**WHAT TO WORK ON**: Beginning with the line that holds "Japanparts Homokinetisches Gelenk GI-261 Japanparts" and ending with the last line of the entries below, copy every line exactly and nothing else, with the pictures left out.

[Stored data]
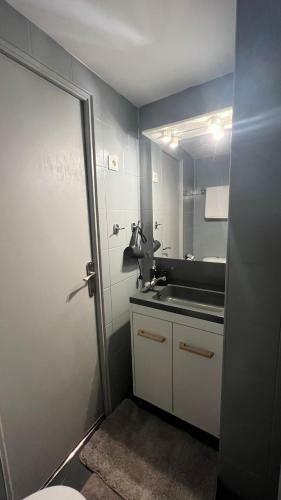 Apartamento Appartement En Plein Centre Ville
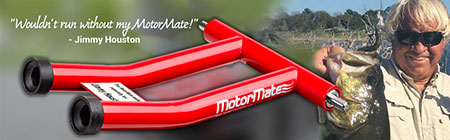 Why MotorMate?  The Best Motor Toter Alternative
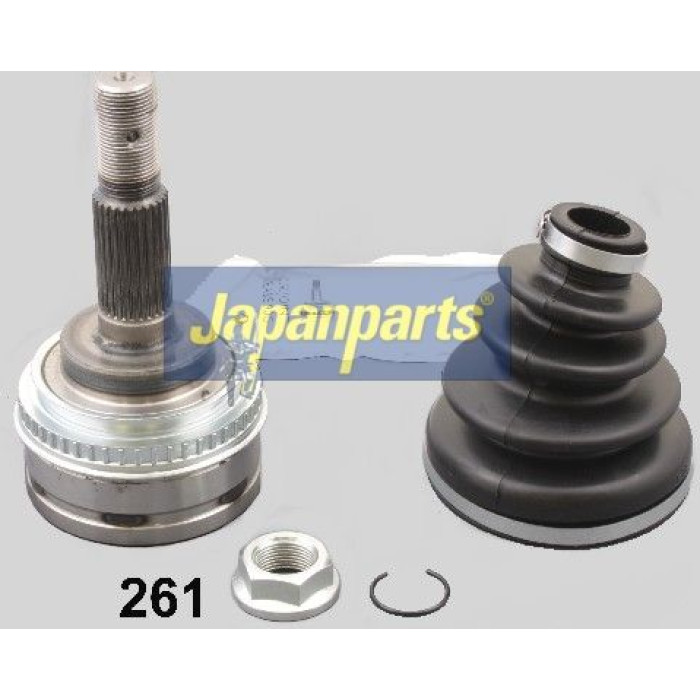 Japanparts Homokinetisches Gelenk GI-261 Japanparts Homokinetisches Gelenk GI-261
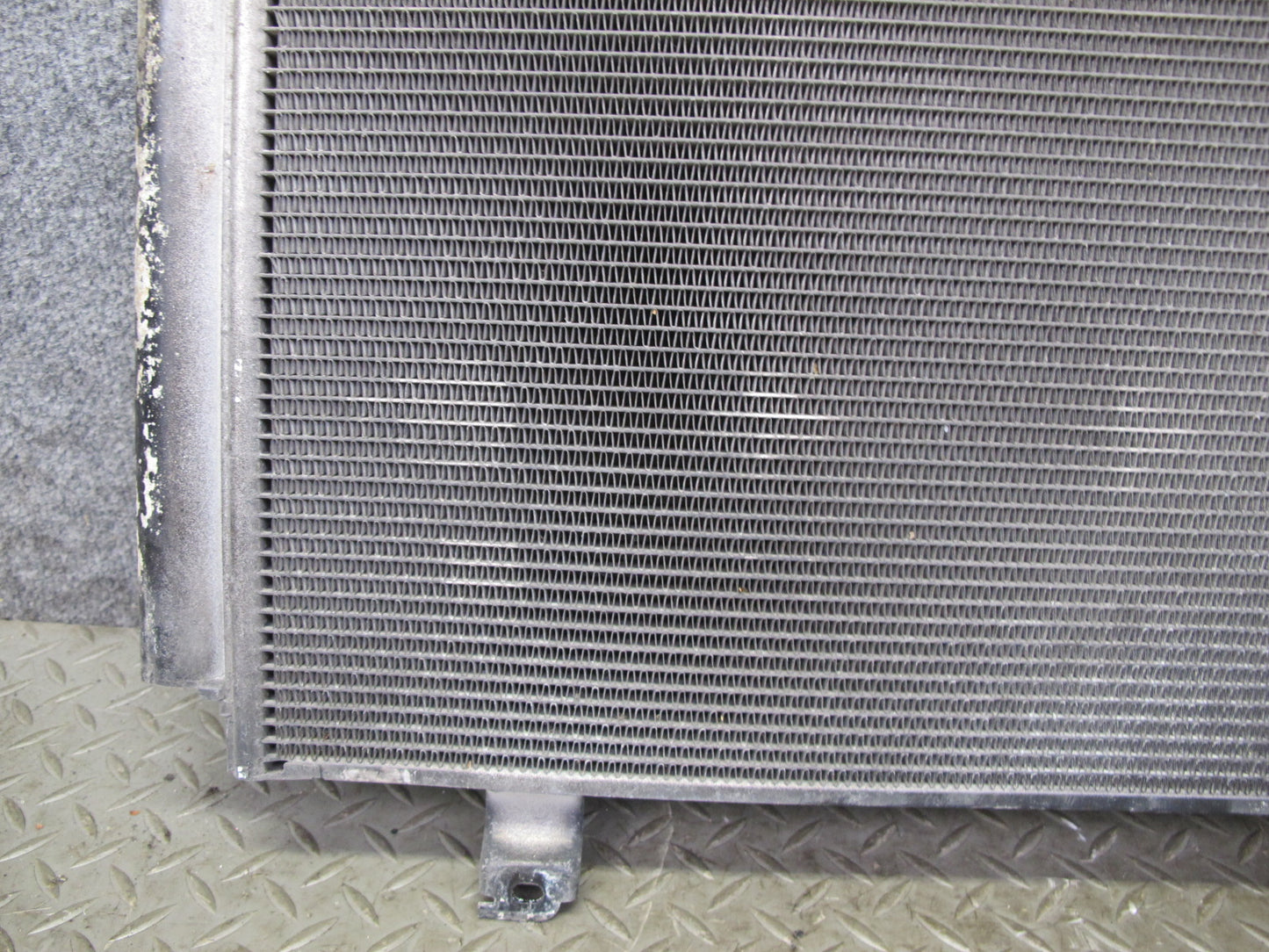 06-15 Lexus GSE20L IS350 IS250 A/C Air Conditioning Condenser OEM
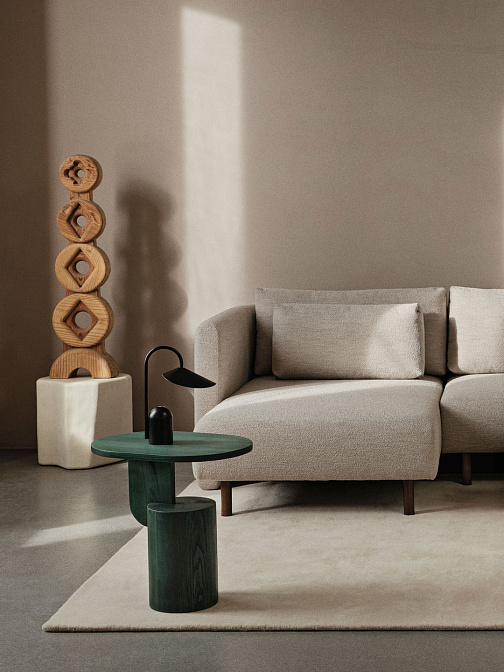 Журнальный столик Ferm Living Insert - фото-4 | interior market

**FINAL ANSWER**:
 Japanparts Homokinetisches Gelenk GI-261 Japanparts Homokinetisches Gelenk GI-261
 06-15 Lexus GSE20L IS350 IS250 A/C Air Conditioning Condenser OEM
 Журнальный столик Ferm Living Insert - фото-4 | interior market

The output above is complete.